Mis compañeros de viaje decidieron hacer noche en el mismo hostal donde habíamos estado la noche anterior, y en vista de esto y de que el vuelo lo teníamos temprano yo decidí aprovechar la circunstancia de haber dejado la mochila en el package room para no pagar otra noche y me dispuse a disfrutar de Halloween, esa fiesta típicamente anglosajona. Ya dormiría en el aeropuerto o si no era posible en el vuelo. Cenamos en uno de esos take away, donde conocimos a un camarero español, de los muchos que residen en Londres. Después de una grata conversación nos despedimos deseándole lo mejor y Luís y yo nos fuimos a callejear provistos de una botella buscando un sitio para hacer el típico botellón a la española en el Soho, ya que en el hostal el ambiente de Halloween era bastante infantil. A los jóvenes ingleses parece que les gusta llamar la atención cuando van en grandes grupos, sin embargo si los conoces de manera individual son de lo más interesante. La zona del Soho se caracteriza por la multitud de bares que hay en sus calles, todos pegados uno junto al otro, tantas luces de neón brillando al mismo tiempo, tanta gente diversa conviviendo, en definitiva muy buen ambiente.

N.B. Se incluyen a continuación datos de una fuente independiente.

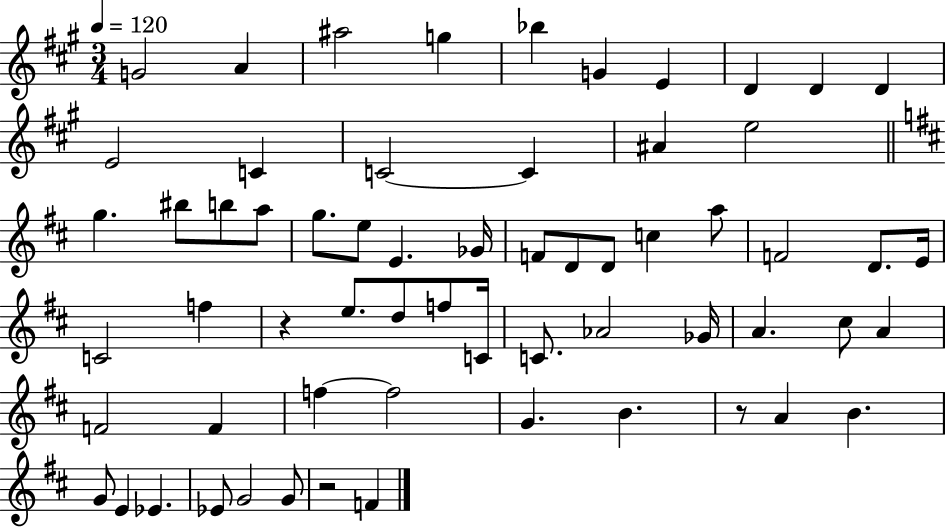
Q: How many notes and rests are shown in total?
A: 62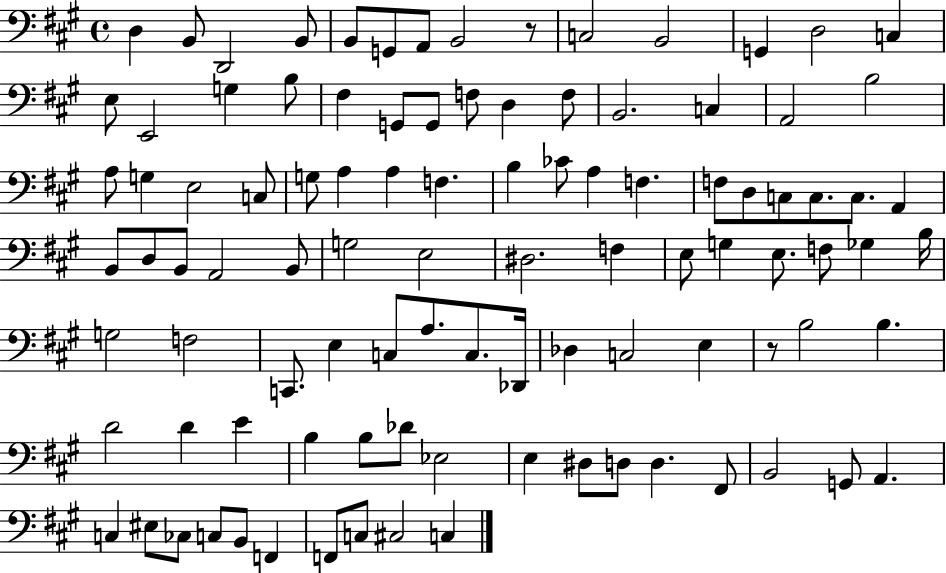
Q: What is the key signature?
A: A major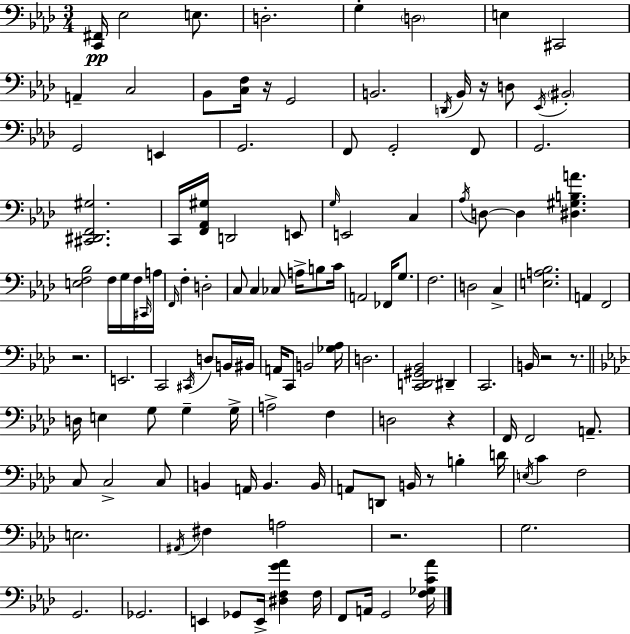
[C2,F#2]/s Eb3/h E3/e. D3/h. G3/q D3/h E3/q C#2/h A2/q C3/h Bb2/e [C3,F3]/s R/s G2/h B2/h. D2/s Bb2/s R/s D3/e Eb2/s BIS2/h G2/h E2/q G2/h. F2/e G2/h F2/e G2/h. [C#2,D#2,F2,G#3]/h. C2/s [F2,Ab2,G#3]/s D2/h E2/e G3/s E2/h C3/q Ab3/s D3/e D3/q [D#3,G#3,B3,A4]/q. [E3,F3,Bb3]/h F3/s G3/s F3/s C#2/s A3/s F2/s F3/q D3/h C3/e C3/q CES3/e A3/s B3/e C4/s A2/h FES2/s G3/e. F3/h. D3/h C3/q [E3,A3,Bb3]/h. A2/q F2/h R/h. E2/h. C2/h C#2/s D3/e B2/s BIS2/s A2/s C2/e B2/h [Gb3,Ab3]/s D3/h. [C2,D2,G#2,Bb2]/h D#2/q C2/h. B2/s R/h R/e. D3/s E3/q G3/e G3/q G3/s A3/h F3/q D3/h R/q F2/s F2/h A2/e. C3/e C3/h C3/e B2/q A2/s B2/q. B2/s A2/e D2/e B2/s R/e B3/q D4/s E3/s C4/q F3/h E3/h. A#2/s F#3/q A3/h R/h. G3/h. G2/h. Gb2/h. E2/q Gb2/e E2/s [D#3,F3,G4,Ab4]/q F3/s F2/e A2/s G2/h [F3,Gb3,C4,Ab4]/s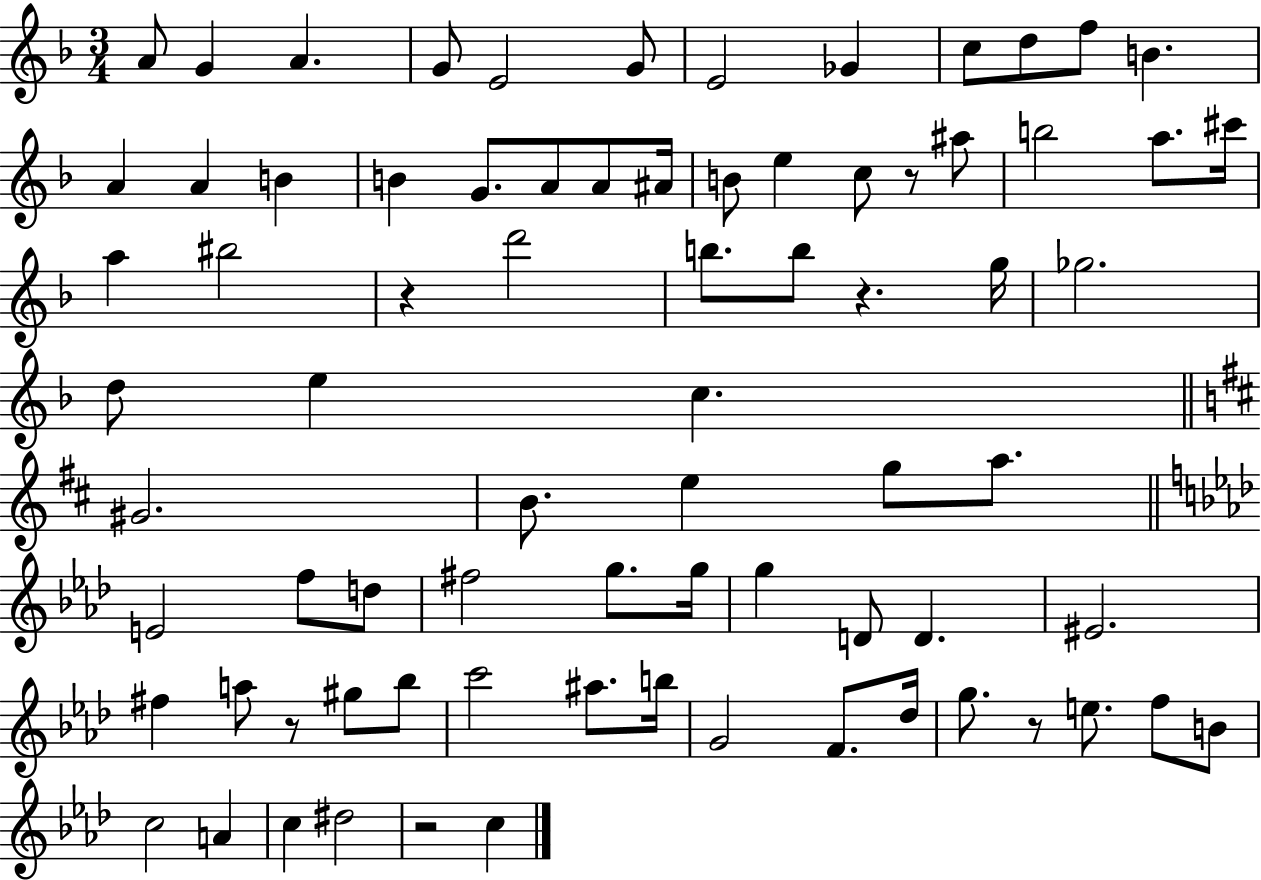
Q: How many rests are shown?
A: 6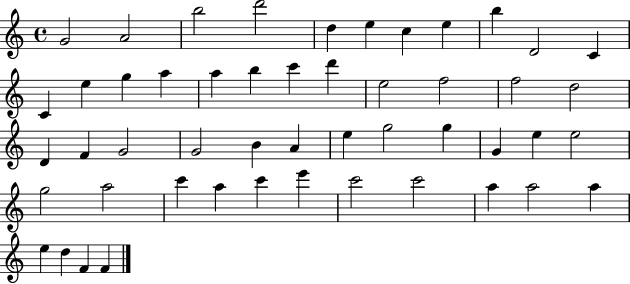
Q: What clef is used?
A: treble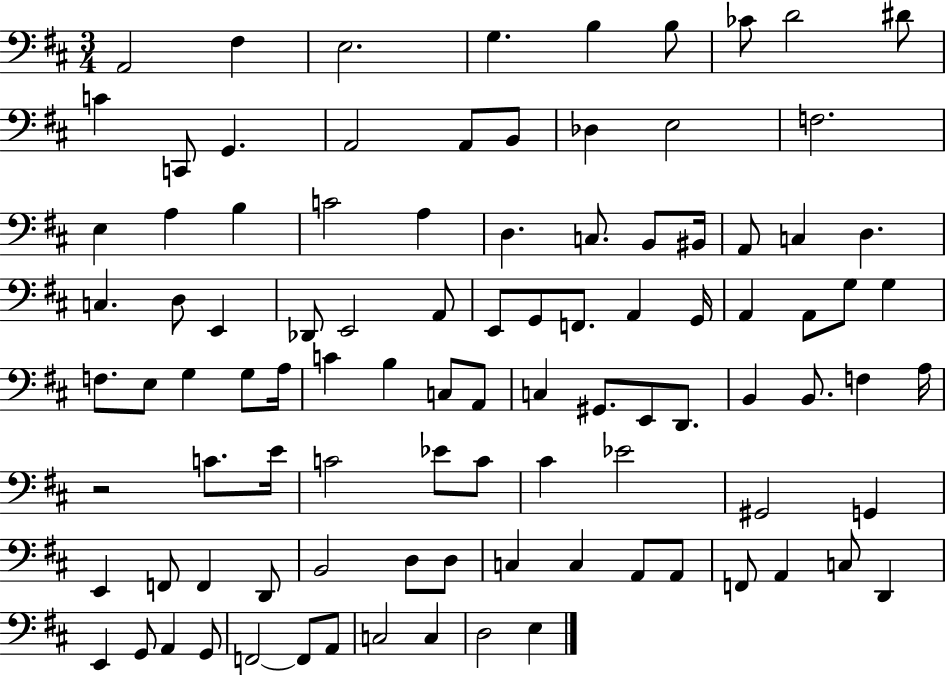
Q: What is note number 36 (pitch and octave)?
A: A2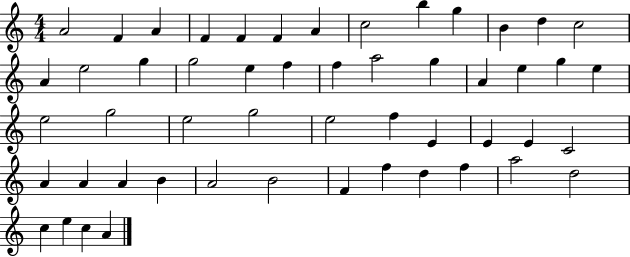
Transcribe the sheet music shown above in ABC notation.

Disfrutamos mucho pero todo se acaba así que nos dirigimos a Piccadilly Circus, el punto de encuentro más emblemático de la ciudad y conocido antiguamente como el centro del mundo o el ombligo de Londres. Comemos una de esas salchichas de frankfurt que venden de manera ambulante y de allí volvimos al hostal donde Luis sí había hecho reserva. Para mi sorpresa entré sin ninguna oposición y pude descansar unas horas en un cuarto solo, sin gastarme esos treinta euros que seguro me serían más útiles en la India.